In a fully connected neural network, which is also called a dense layer, every node from one layer is connected to every other node in the subsequent layer. A CNN leverages the spatial structure between the pixels to reduce the number of connections between two layers, significantly improving the speed of training while at the same time reducing the model parameters.

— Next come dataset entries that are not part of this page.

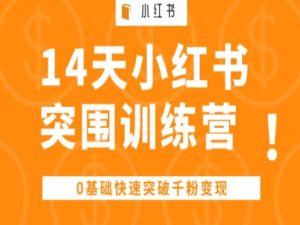 14天小红书突围训练营 ,0基础快速突破千粉变现-项目资源库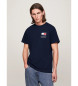 Tommy Jeans T-shirt essenziale slim fit con logo blu scuro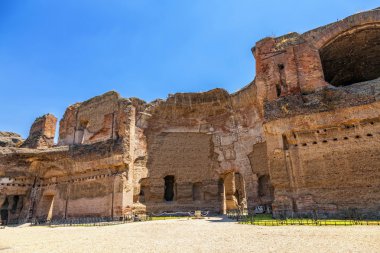 caracalla Hamamı kalıntıları.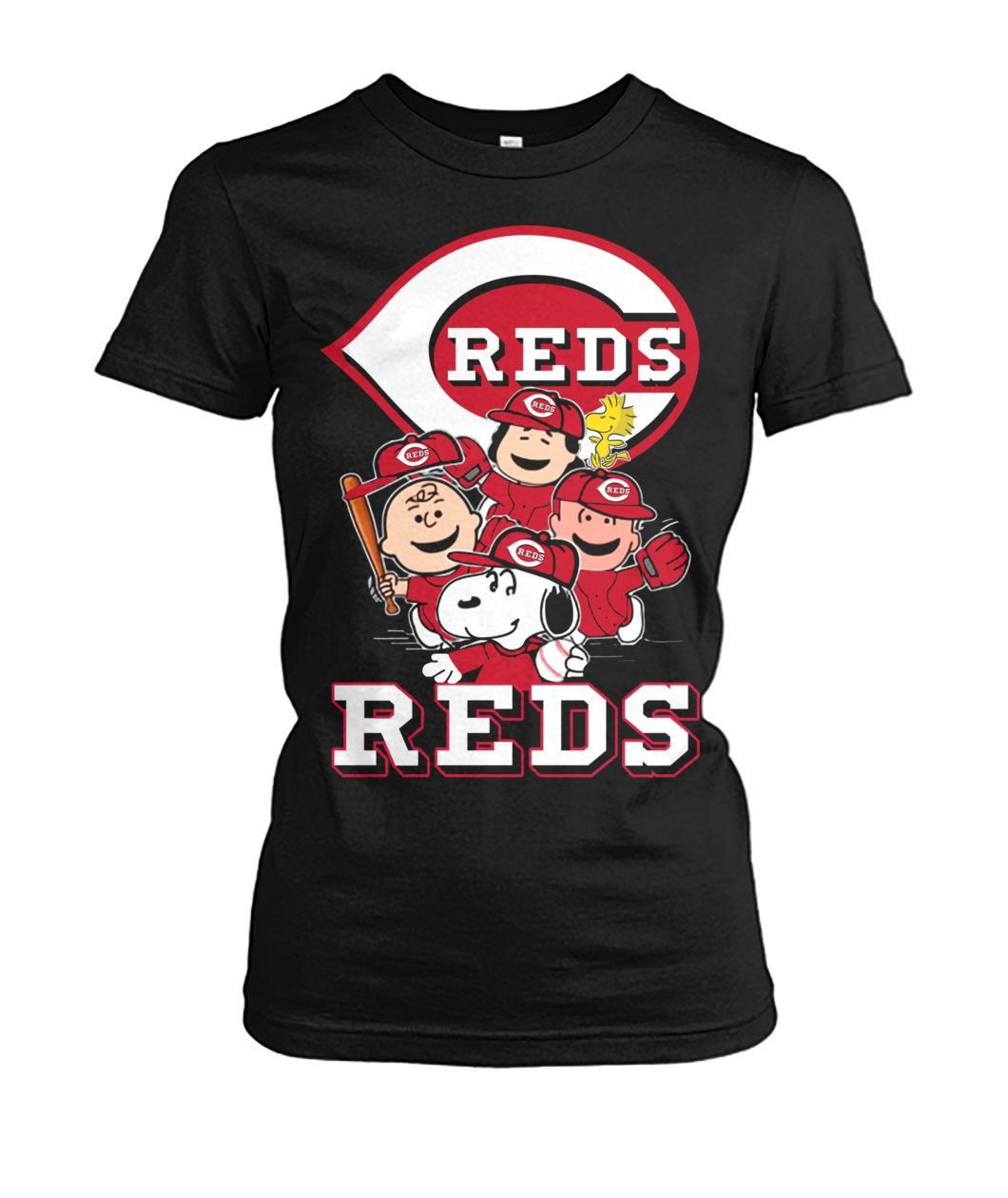 Chicago Reds Baseball Team Fans Charlie Brown Woodstock Snoopy And Friends Disney Fans Shirt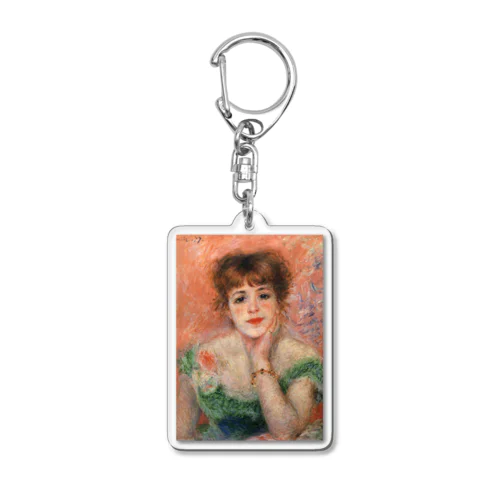 女優ジャンヌ・サマリーの肖像　ルノワール Acrylic Key Chain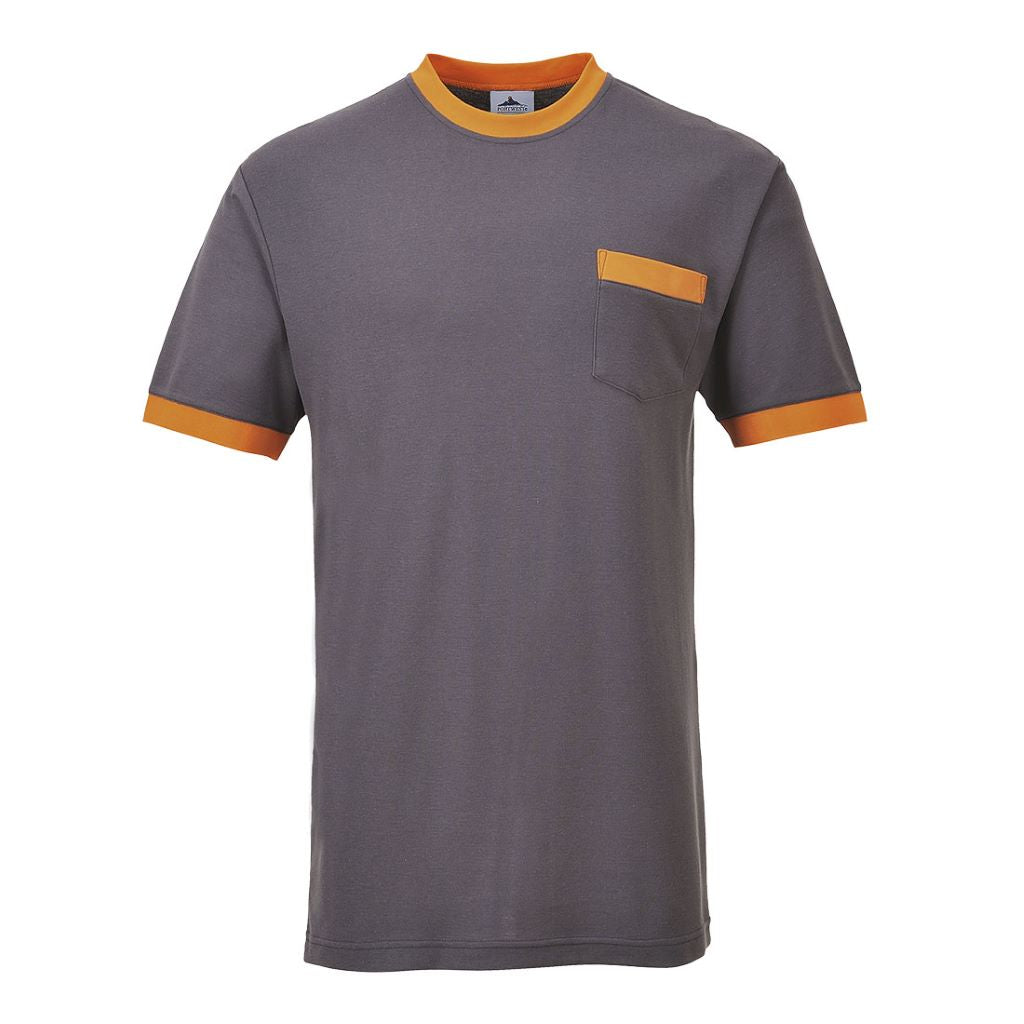 Contrast T-Shirt TX22 Grey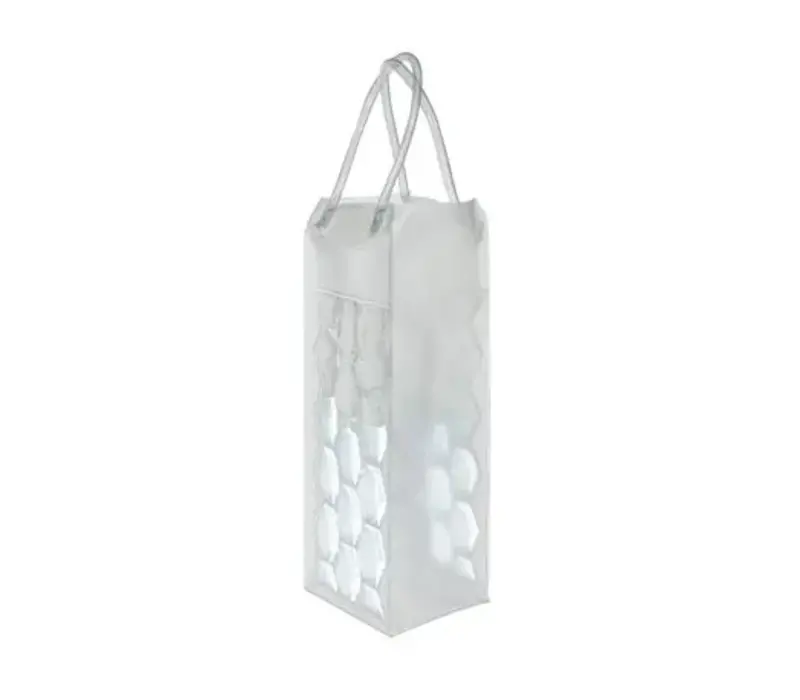 Transparente Weinkühltasche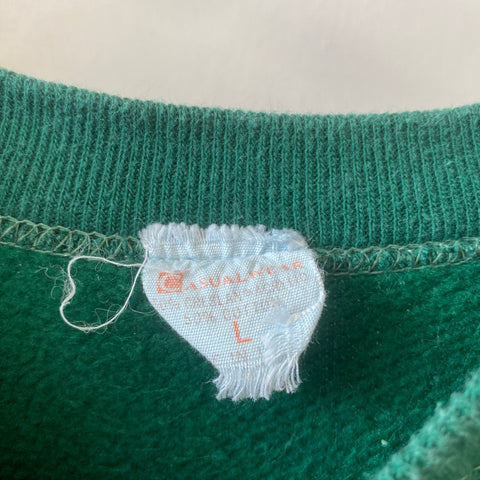 60's Poly Raglan Sweatshirt - Large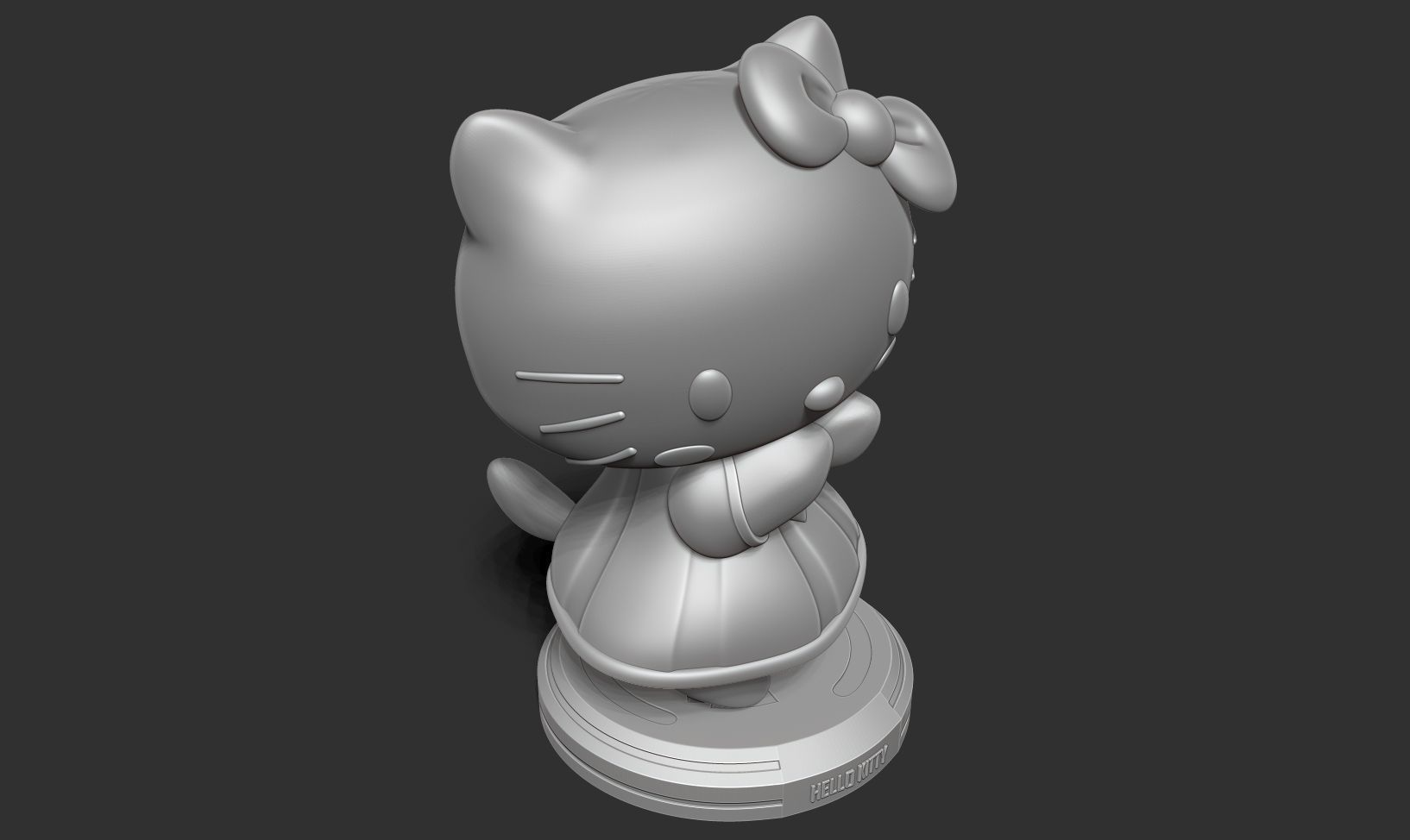 Hello Kitty is a ballerina 3D print model_14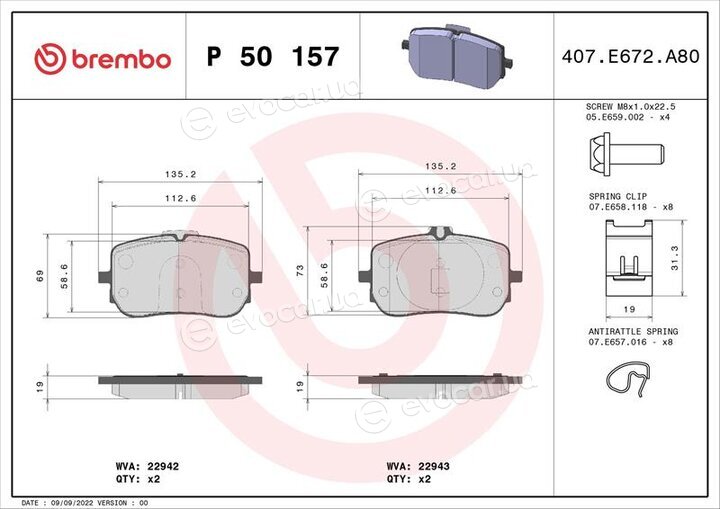 Brembo P 50 157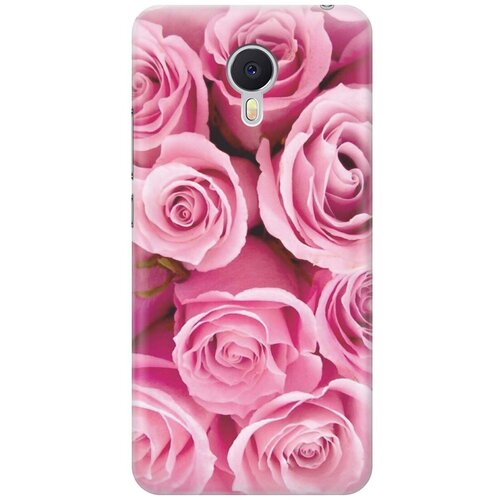 фото Силиконовый чехол на meizu m3 note / мейзу м3 ноут с принтом "букет роз" gosso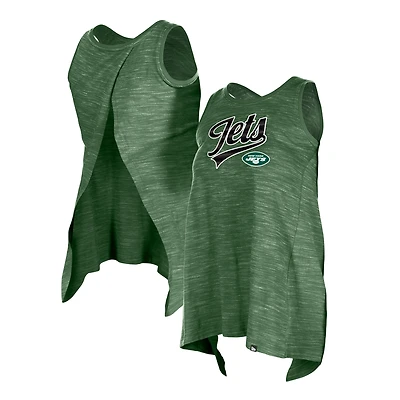 Women's New Era Green York Jets Space Dye Active Tank Top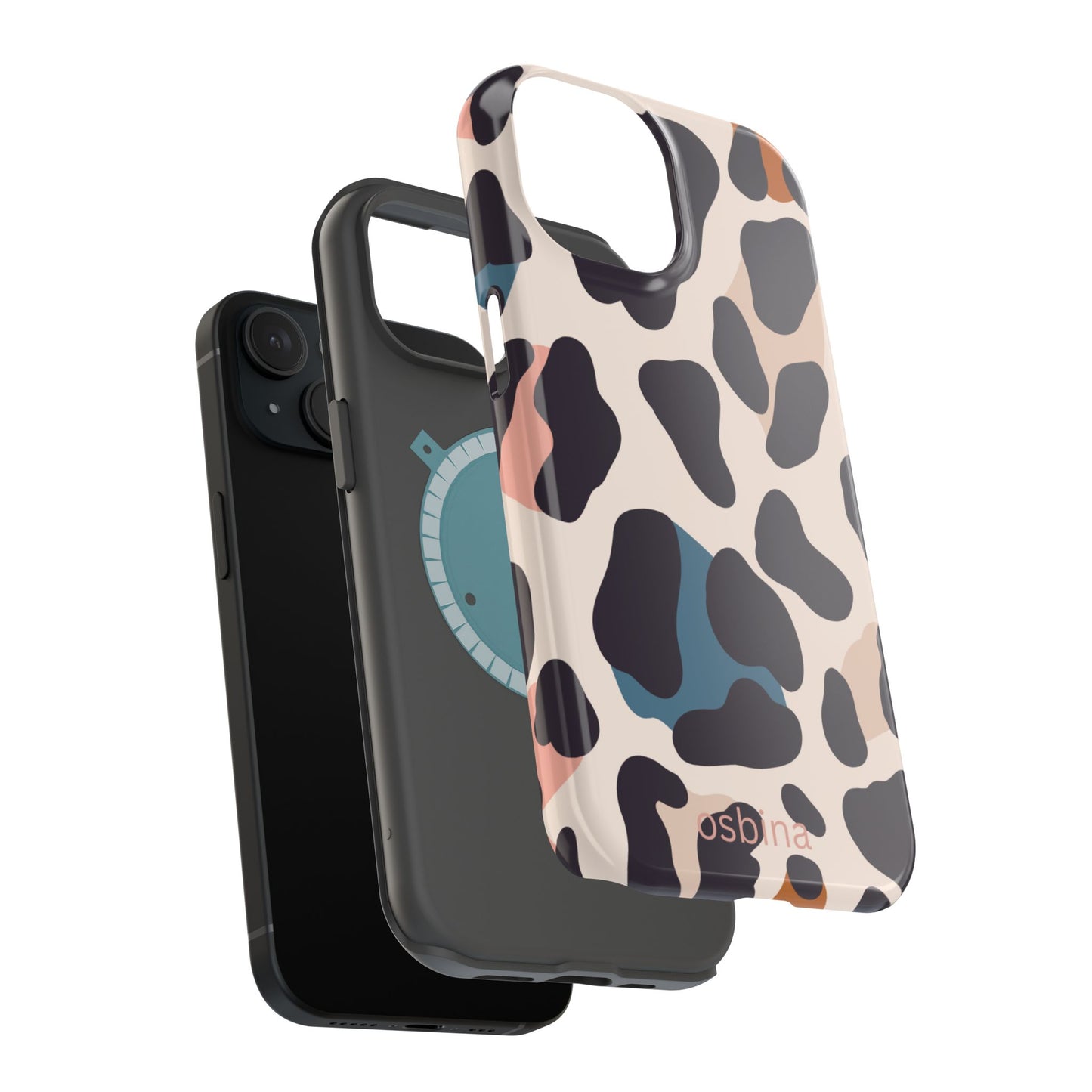 osbina | MagSafe compatible for iPhone | Leopard Luxe Color Pop Leopard Print Phone Case | Modern Muse Collection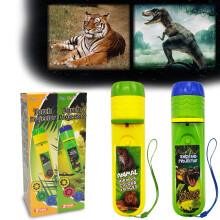 Pup Go Torch and Projector Toy for Kids Ages 3 4 5 6 7 8, 2 in 1 Dinosaur & Animal, 6 Discs and 48 Images, Educational Learning Toys Bedtime Night Li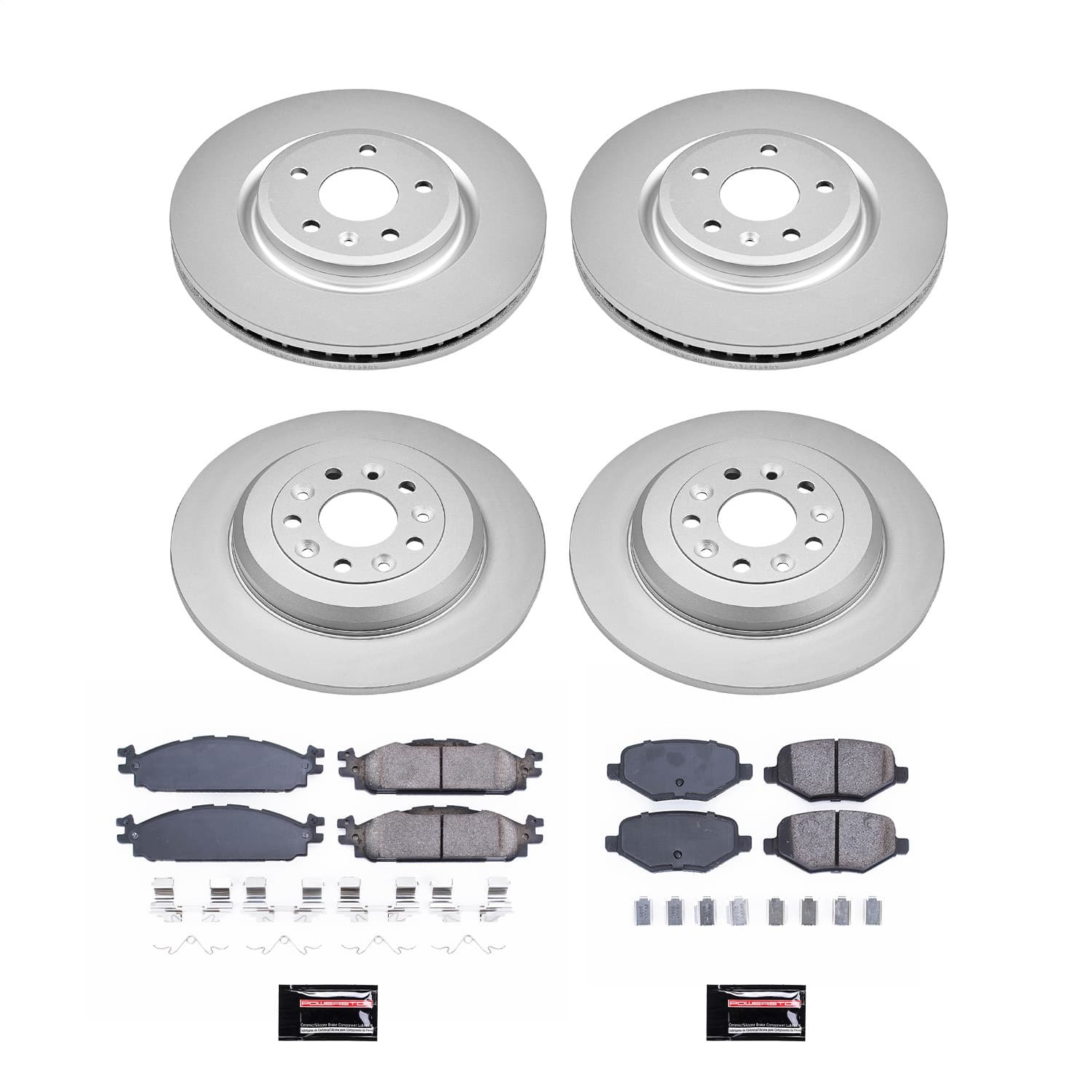 Power Stop - CRK8971 - Front and Rear - Disc Brake Pad and Rotor Kit image 1
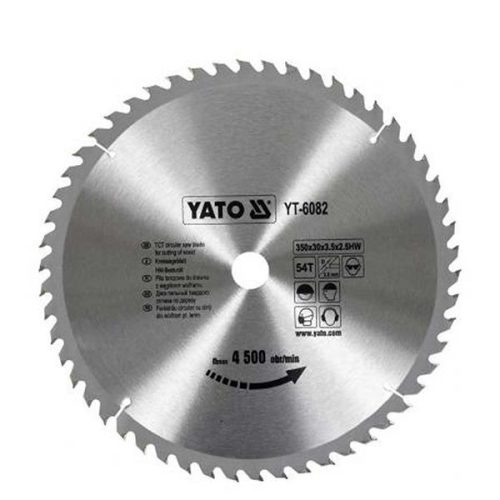YATO YT-6082 Fűrésztárcsa fához 350 x 30 x 2,5 mm / 54T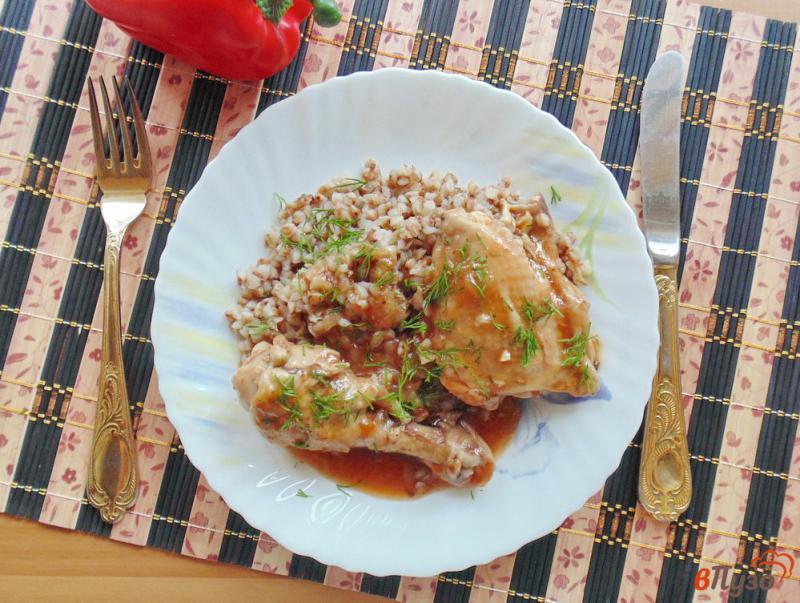 Фото приготовление рецепта: Курица в томатно-соевом соусе шаг №6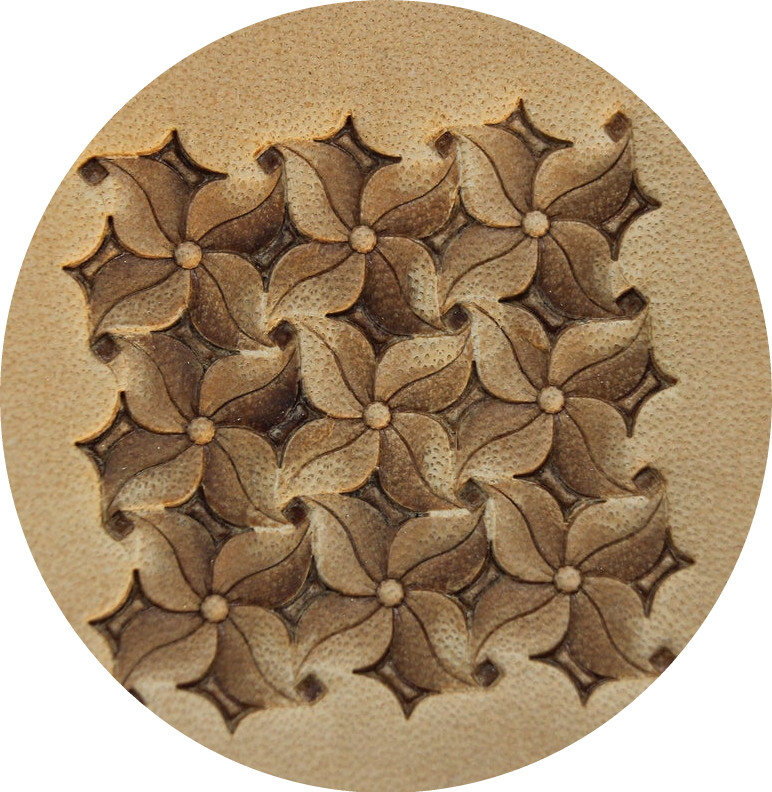 [OUTMATS.N.222] S.N. 222 - GÉOMETRIQUE FLORAL - Matoir à Frapper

This is a fully conected network:

![cnn_image](../media/cnn.png)

This is a convolutional network:

![cnn_image](../media/cnn2.png)

A CNN picks up features from an input image using a filter; a CNN with a sufficient number of filters detects various features in the image. These filters become more and more sophisticated in detecting complex features as we move more and more toward the later layers. Convolutional networks use these filters and map them one by one to create a map of feature occurrences.

In a convolution layer, we slide a filter matrix over the entire image matrix from left to right and from top to bottom, and we take the dot product of the filter, with this patch spanning the size of the filter over the image channel.

In [2]:
import torch
import torch.nn as nn

We will apply 2D convolution to an image:

In [3]:
nn.Conv2d(3, 16, 3)

Conv2d(3, 16, kernel_size=(3, 3), stride=(1, 1))

Add padding of the desired size to the edge of an image:

In [8]:
nn.Conv2d(3, 16, 3, padding=1) # parameters: number channels, number of output channels / filters, kernel size

Conv2d(3, 16, kernel_size=(3, 3), stride=(1, 1), padding=(1, 1))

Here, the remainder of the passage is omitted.